Menurut Gibran, heningnya kesunyian justru sering membuka mata insan terhadap kekurangsempurnaan dirinya. Takut atas sepi karena akan membuka tabir dirinya, maka orang lari dari kesepiannya itu  lalu omong sana omong sini, omong Anu dan omong Ana, sehingga sangat boleh jadi akan semakin tidak terkontrol lagi.
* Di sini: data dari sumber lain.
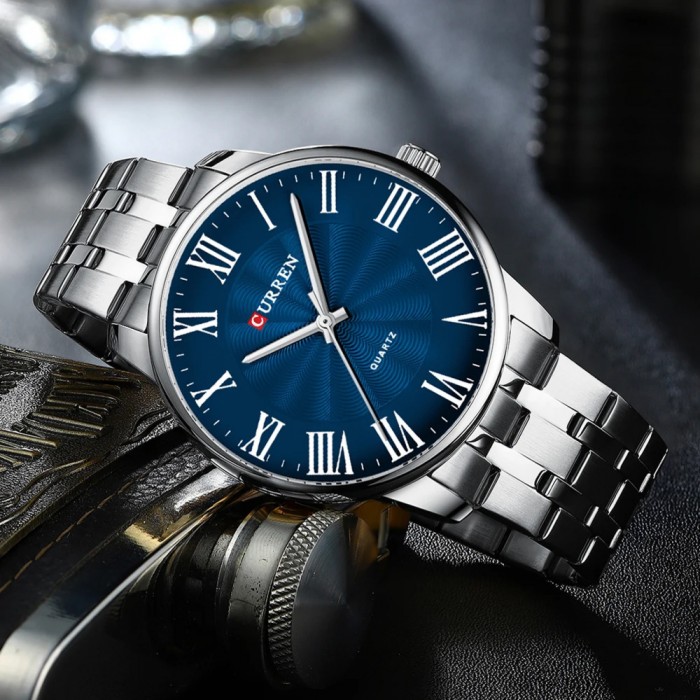 Curren 8422 Silver-Blue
Ketiga, omong itu harusnya tentang kebenaran. Omongan yang semakin tidak terkontrol terjadi manakala orang tergiur oleh respon pihak lain, atau ditanggapi penuh penyulut emosi. Dalam dunia medsos dewasa ini, sindir-menyindir, ejek-mengejek, seolah-olah dianggap sebagai penyedap berbicara; padahal dalam suasana serba menyindir seperti itu bukan kebenaran yang dibahas, melainkan sering tentang privacy seseorang. Kebenaran makin jauh, makin sayup,
Keempat, Gibran menyarankan demikian: "Jilakau bertemu teman di pinggir jalan, di pasar atau di pecan; biarkanlah batin suaramu bicara kepada batin telinganya. Oleh sebab batinnyalah yang akan menyimpan pesan hatimu. Sebagaimana citarasa anggur terkenang selalu, pabila warnanya telah terlupa, dan serat buahnya telah lama tiada." Butir keempat ini Gibran mengajarkan, mari perbanyaklah bicara dari hati ke hati, karena cara bicara seperti itulah yang akan mengesan dan berumur panjang. Â
Dalam konteks dewasa ini, cara bermedsos rasanya harus diubah menjadi bermedia yang benar-benar menyuburkan kehidupan sosial, bukannya mematikan. Bahasa bermedsos perlu diubah menjadi bicara dari hati ke hati model baru. Jauhkan sindir-menyindir, umpat-mengumpat dan gantilah menjadi sapa-tawa penuh sopan. Awalnya mungkin tidak seru, tetapi kehidupan sosial memang barus berisi sapaan-sapaan sopan.